Apple is planning on taking a page out of Microsoft's book, and integrating its new browser technology into the Mac OS X operating system.
The Mac maker introduced a test version of its new browser, Safari, on Tuesday at the kick-off of the Macworld trade show in San Francisco. The software is a significant step in boosting Apple's Mac-only software offering, and reflects a shift in Apple's relationship with Microsoft, maker of the dominant Internet Explorer browser.
Six years ago, a deal with Microsoft made Internet Explorer the default browser on the Macintosh. This deal has now expired, so Apple is free to expand its own browser offerings, and is planning to build browser technology into the operating system in much the same way that Microsoft did with Windows.

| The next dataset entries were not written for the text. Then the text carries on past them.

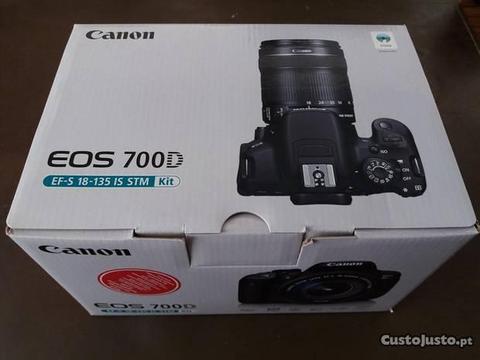 Máquina Fotográfica Canon EOS 700 D + Objectiva 18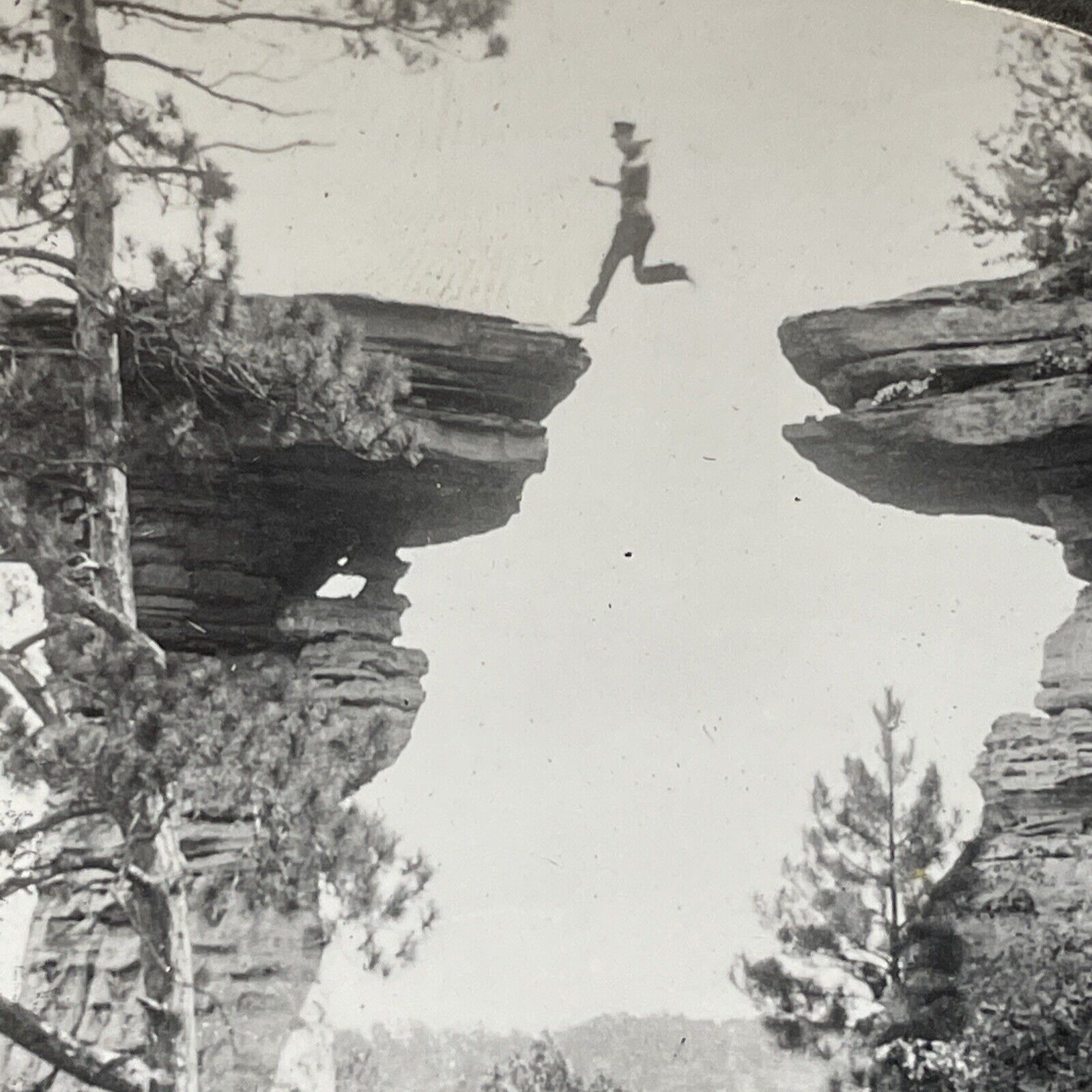 Antique 1910s Daredevil Jumps A Rock Gap Stereoview Photo Card V2595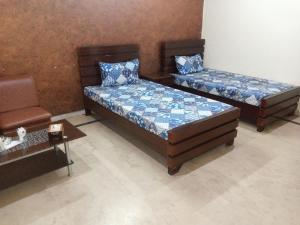 Un pat sau paturi într-o cameră la Hotel Decent Lodge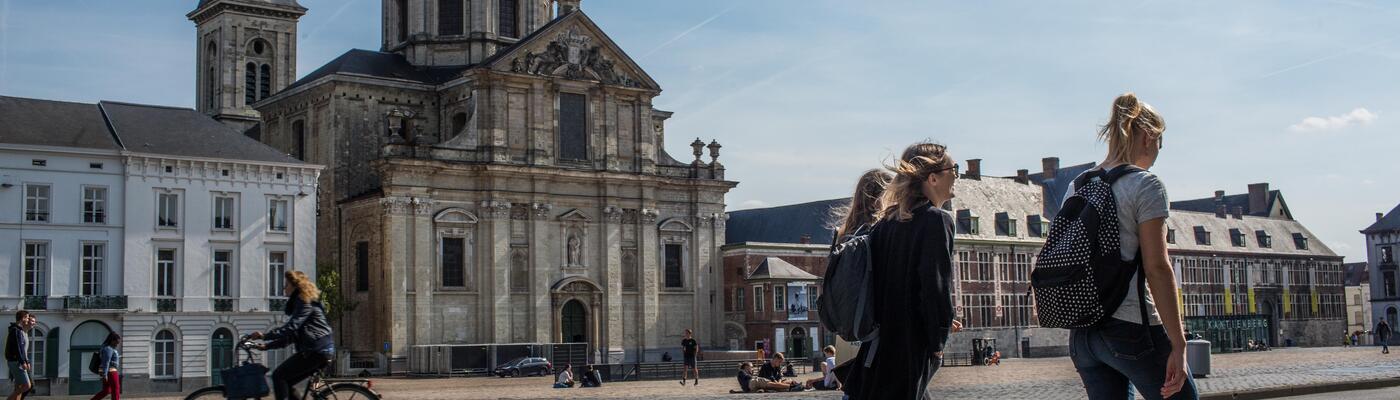 Sint-Pietersplein, zicht op Sint-Pietersabdij met wandelende toeristen.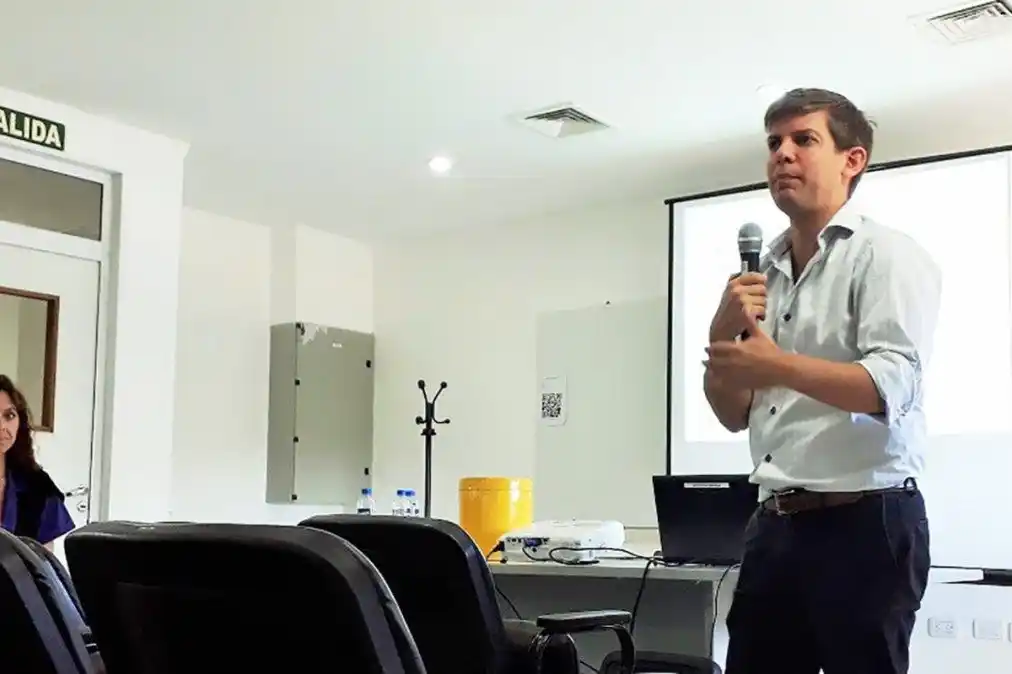 Bourlot: "Las medidas restrictivas son la única salida cuando el sistema colapsa"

"We are going to make the browser an integrated part of the OS," said Oren Ziv, creative markets director for Apple Europe. "Developers will be able to draw on browser functionality in other applications, without needing to build that functionality from scratch."

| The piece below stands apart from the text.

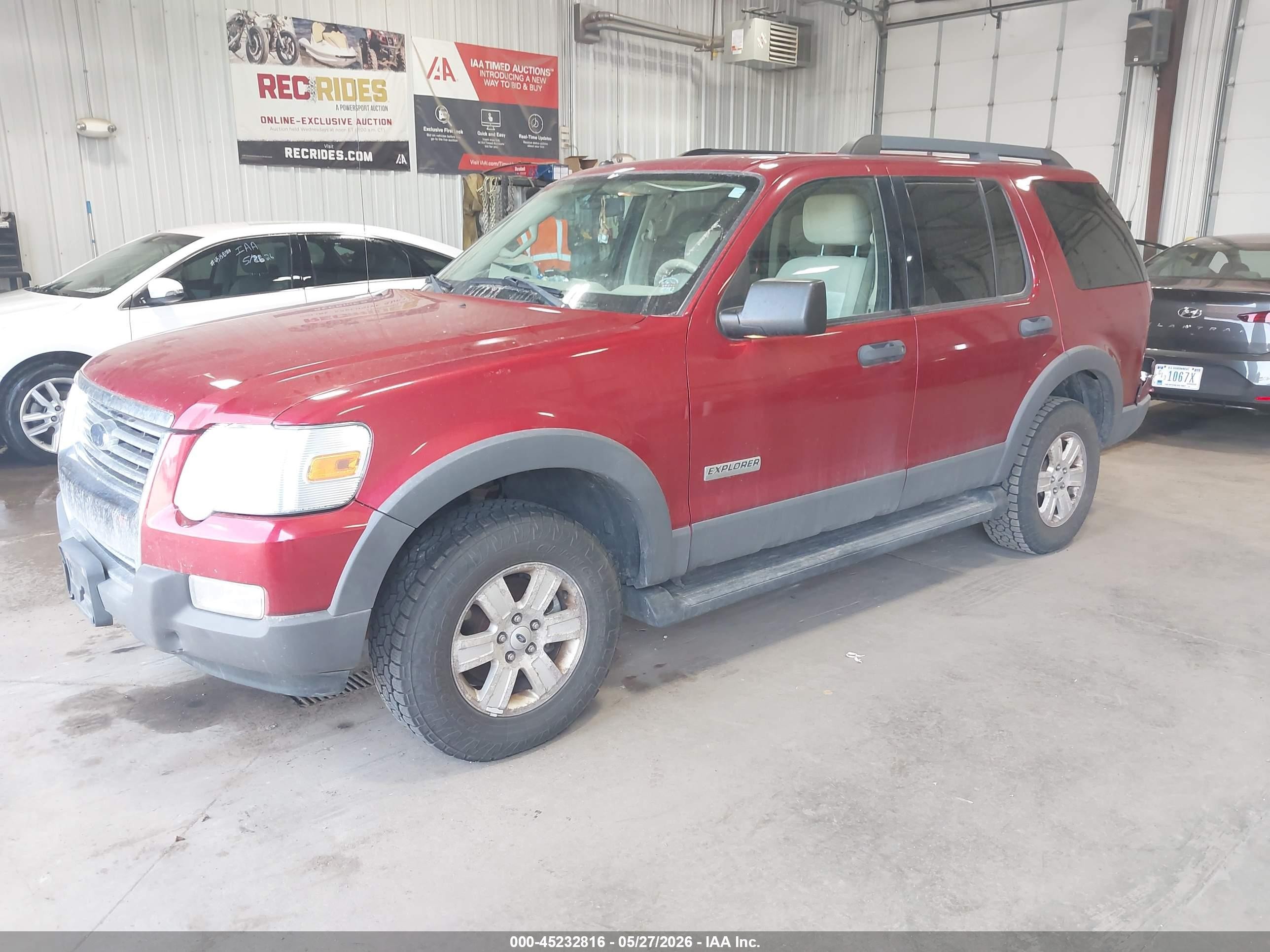 2006 Ford Explorer Xlt Красный vin: 1FMEU73E16UB67202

The most prominent other open-source browser project is Mozilla, which was launched by Netscape Communications, and is now the basis for the Netscape 7 browser. In fact, Melton was involved in launching Mozilla in 1998, and other Safari developers are veterans of open-source projects such as the Chimera browser, the Nautilus file manager and Eazel, a defunct Linux software company.
Apple has published the source code for Safari, along with details of the changes the company made to the Konqueror code. KHTML and KJS are published under an open-source licence, which broadly allows anyone to modify and redistribute the underlying software code, as long as they return their improvements to the community.

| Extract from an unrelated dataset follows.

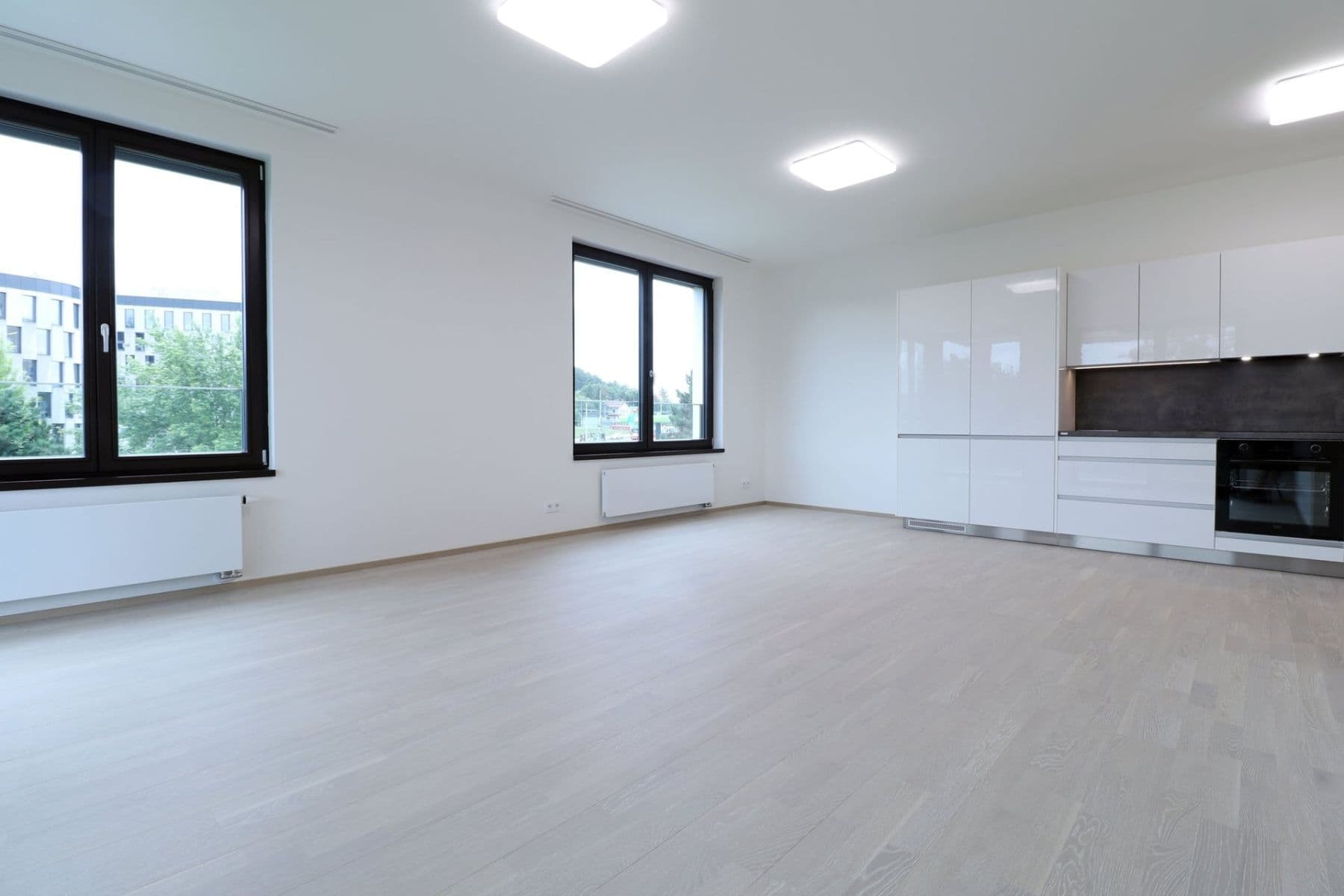 Prenájom bytu 3-izbový 87 m², K Červenému vrchu, Praha, Praha Prenájom bytu 3-izbový 87 m², K Červenému vrchu, Praha, Praha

In a further late Christmas present to open-source devotees, Apple also unveiled a public beta version of X11 for OS X at Macworld. X11 is a windowing system used by Unix-like operating systems such as Linux, and its inclusion in OS X will make it easier for users to run Unix and Linux applications.
"With a minor recompile, you can run these applications directly in OS X," said Ziv.
The new applications are part of Apple's drive to offer appealing software unique to the Mac OS platform. The company also introduced new versions of three of its "iLife" applications, for editing and organising digital music, photos and video.